One central problem in discourse generation and summarisation is to
structure the discourse in a way that maximises
*coherence*. Coherence is the property of a good human-authored
text that makes it easier to read and understand than a
randomly-ordered collection of sentences.
Several papers in the recent literature
have focused on defining *local* coherence, which evaluates the
quality of sentence-to-sentence transitions. Measures of
local coherence specify which *ordering* of the sentences makes
for the most coherent discourse, and can be based e.g. on Centering
Theory or on statistical models.
While formal models of local coherence have made substantial
progress over the past few years, the question of how to efficiently
*compute* an ordering of the sentences in a discourse that
maximises local coherence is still largely unsolved.

In [16], we present the first algorithm that computes optimal locally coherent discourses, and establishes the complexity of the discourse ordering problem.

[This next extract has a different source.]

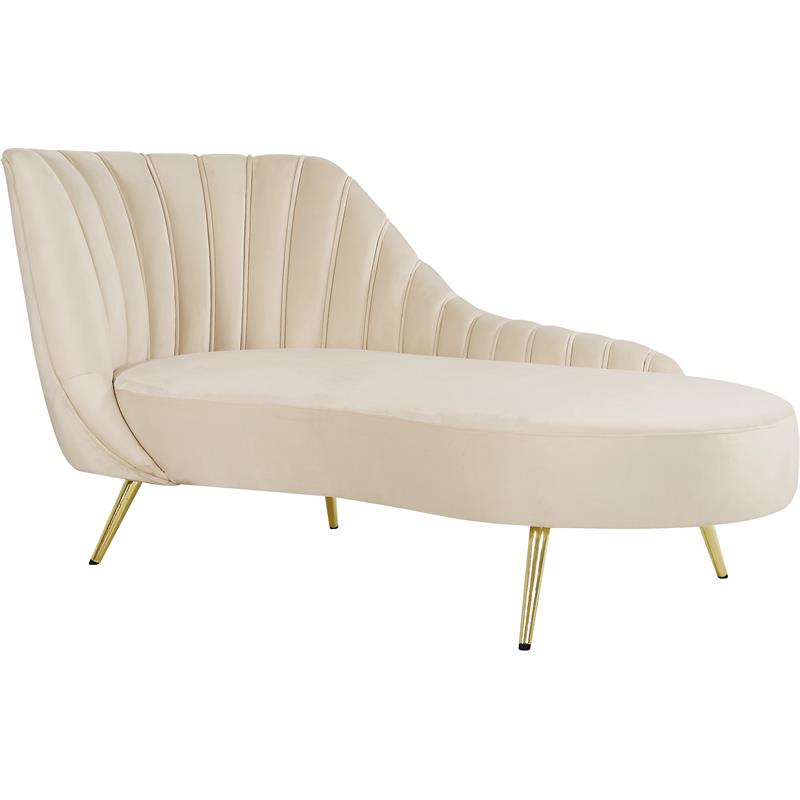 Home Square 2-Piece Set with Accent Chair and Chaise in Cream and Gold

We first prove that the discourse ordering problem for local coherence measures is equivalent to the Travelling Salesman Problem (TSP). This result implies that the problem is not approximable. Despite this negative result, we show that by applying modern algorithms for TSP, the discourse ordering problem can be solved efficiently enough for practical applications. We define a branch-and-cut algorithm based on linear programming, and evaluate it on discourse ordering problems based on the GNOME corpus and the BLLIP corpus. If the local coherence measure depends only on the adjacent pairs of sentences in the discourse, we can order discourses of up to 50 sentences in under a second. If it is allowed to depend on the left-hand context of the sentence pair, computation is often still efficient, but can become expensive.